So he's doing what you ask, making the efforts, why are you doing the 180 on him?

If there's still stuff he's not doing, bring it up and make your expectations clear.

If you don't want to stay married, that's your perogative. If that's the case, then start the divorce and stop worrying about shooting yourself in the foot. If you do want to stay married, then you're going to need to start working with your husband to regain trust.

Doing a 180 is not an appropriate response for you IMO. He seems interested in doing what you say.

My advice would be to request his work passwords, and take a look before he has a chance to delete anything. Maybe create some accountability with someone at his work so you can confirm nothing is going on. Definitely you guys need some MC.


----------



## canttrustu (Feb 22, 2012)

COguy said:


> So he's doing what you ask, making the efforts, why are you doing the 180 on him?
> 
> If there's still stuff he's not doing, bring it up and make your expectations clear.
> 
> ...


Yes, he is doing what I asked him to do NOW. But in the beginning he was beligerant and defensive. Said I was just too jealous and basically a wack job. So I started the 180. After a couple of weeks he started to turn around alot. Now he does seem to be trying by doing all of the things I asked but I had to basically shut down on him to get him to take me seriously. So now he is doing what I have asked of him but it's not magic. It doesnt erase the feeling that I was being lied to and deceived. That is what I'm struggling with. Looking him in the eye and wondering what I dont know, what happened today? Am I stupid to even think of trusting you? Are you lying by ommission? All of these thoughts are here and at the same time I am thinking I love you and I want to move on. There is so much that is right between us. Lets just move on. Its like a war raging inside me.


----------



## COguy (Dec 1, 2011)

canttrustu said:


> Yes, he is doing what I asked him to do NOW. But in the beginning he was beligerant and defensive. Said I was just too jealous and basically a wack job. So I started the 180. After a couple of weeks he started to turn around alot. Now he does seem to be trying by doing all of the things I asked but I had to basically shut down on him to get him to take me seriously. So now he is doing what I have asked of him but it's not magic. It doesnt erase the feeling that I was being lied to and deceived. That is what I'm struggling with. Looking him in the eye and wondering what I dont know, what happened today? Am I stupid to even think of trusting you? Are you lying by ommission? All of these thoughts are here and at the same time I am thinking I love you and I want to move on. There is so much that is right between us. Lets just move on. Its like a war raging inside me.

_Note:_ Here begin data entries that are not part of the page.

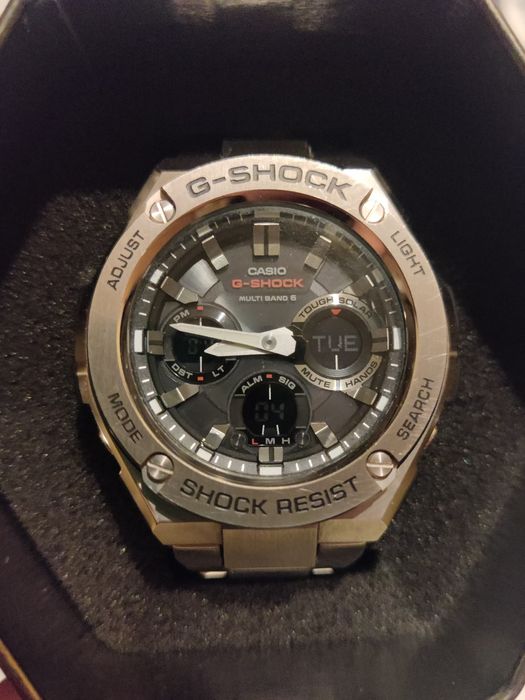 CASIO G-Shock Gst W110D 1AJF Silver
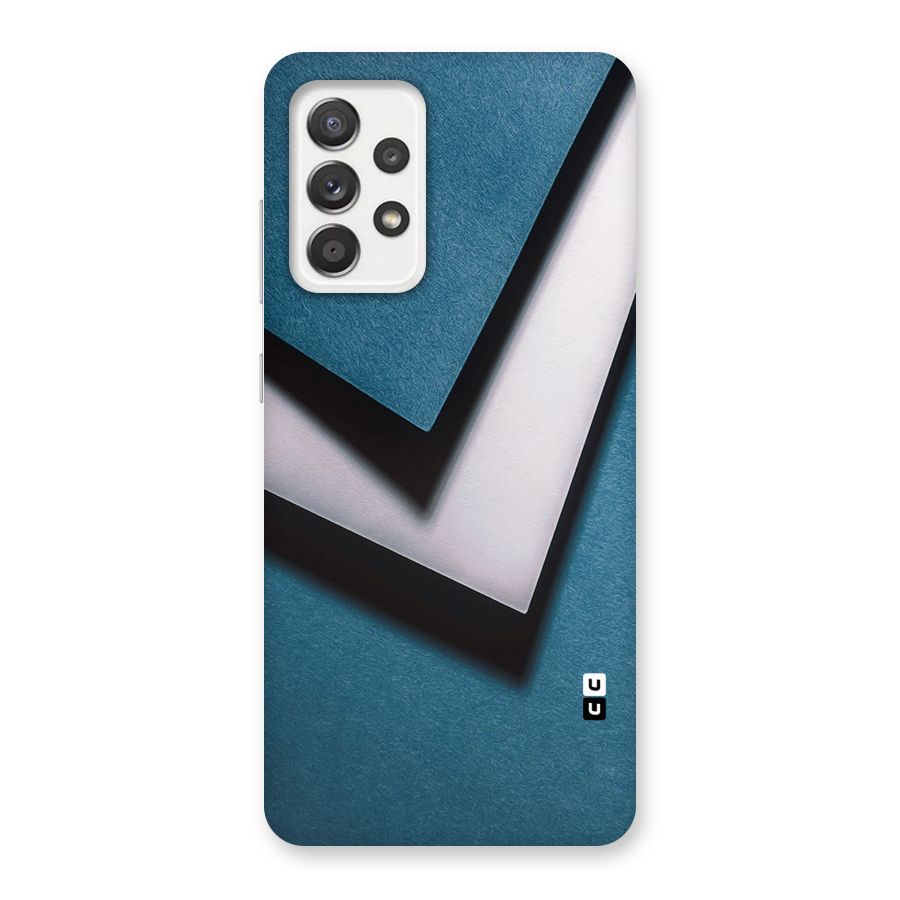 Simple Right Tick Back Case for Galaxy A52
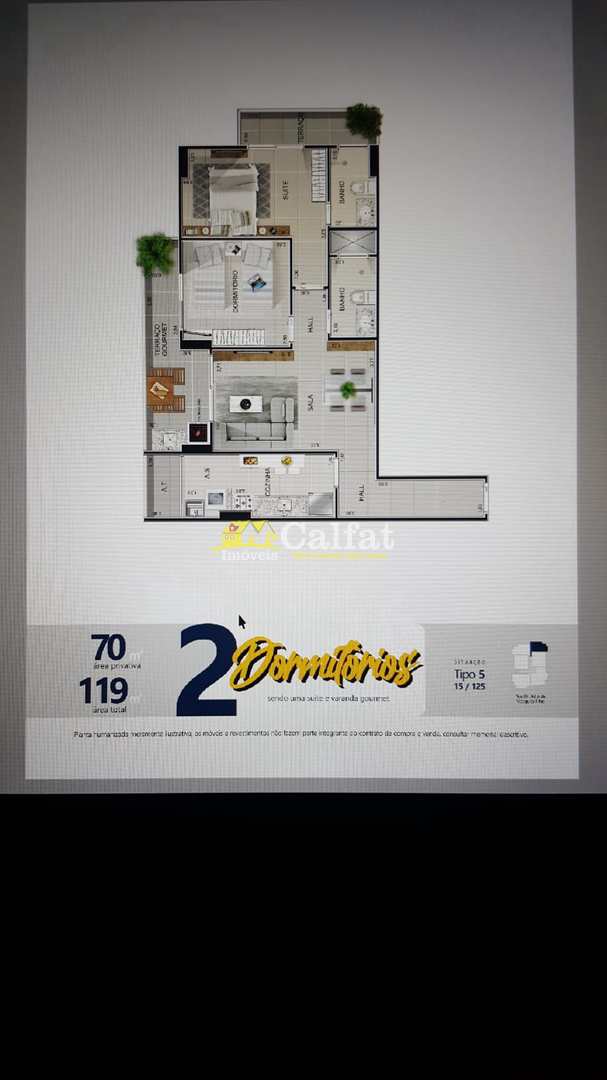 Apartamento à venda com 2 quartos, 68m² - Foto 7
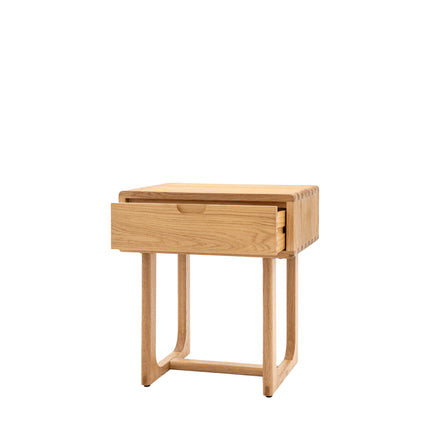 Langley 1 Drawer Bedside Table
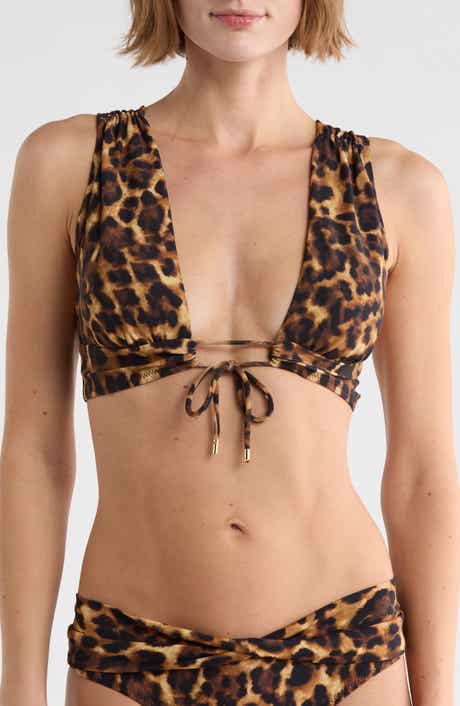 Olivia Plunge Bikini Top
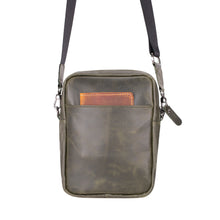 Load image into Gallery viewer, Pisa Leather Crossbody Bag
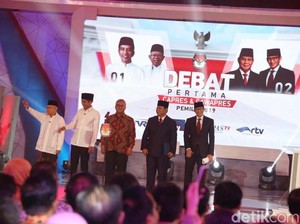 Debat yang Nanggung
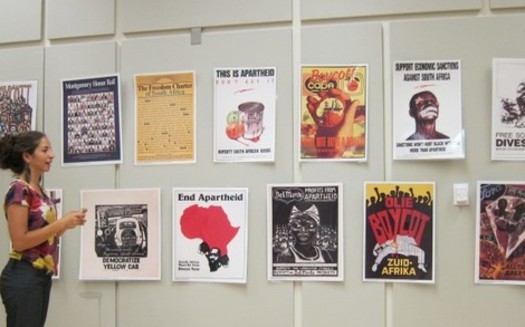 PHOTO: Indiana residents can learn more about diverse historical boycott movements in a traveling poster exhibit opening today in Indiana. Photo courtesy of AFSC.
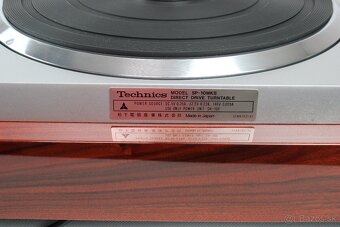 Gramofón TECHNICS SP-10 MKII + SAEC WE-308SX - 17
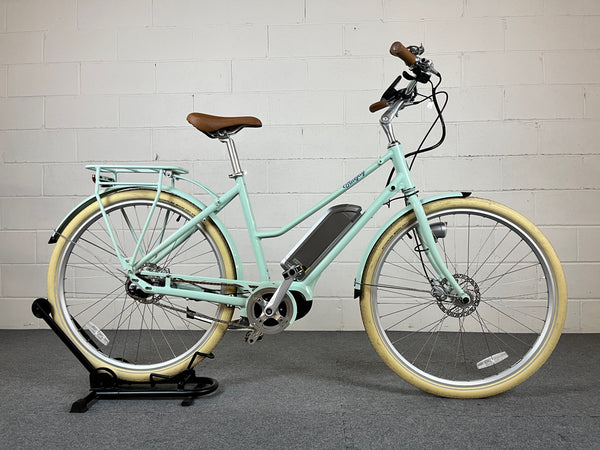 e bike damen retro mint Bluejay Premiere Edition e-bike refurbished
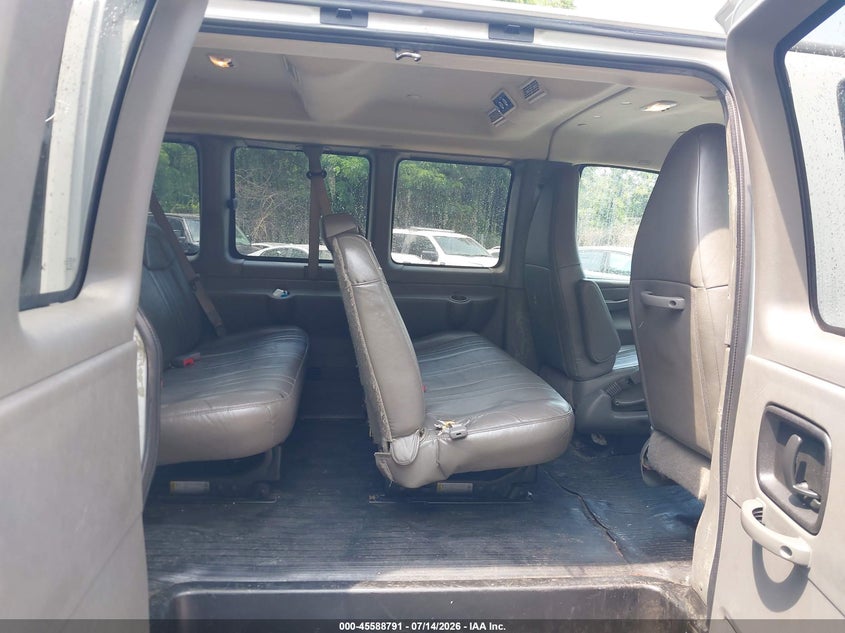 2019 Chevrolet Express 2500 VIN 1GAWGEFG5K1333971 IAAI salvage auction — NORMAL WEAR, Sf97 (New York), sold $9,650 on 2026-07-31 (photo 8)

That's the kind of crap that happens when someone cheats. You didn't provide enough background to see if your husband is truly remorseful or not. Has he actually admitted to doing anything wrong? What actually happened?

Even if your husband does everything right though, you can't expect the pain to go away. Reconciling is hard work and really takes a lot of effort from both parties. You're going to have some really tough days, even when he's being a great guy and doing everything right. Some people can't take it, or don't think it's worth it. I would never judge someone who decides not to reconcile. You can work at it for months and years and still have built up anger and resentment and trust issues.


----------



## canttrustu (Feb 22, 2012)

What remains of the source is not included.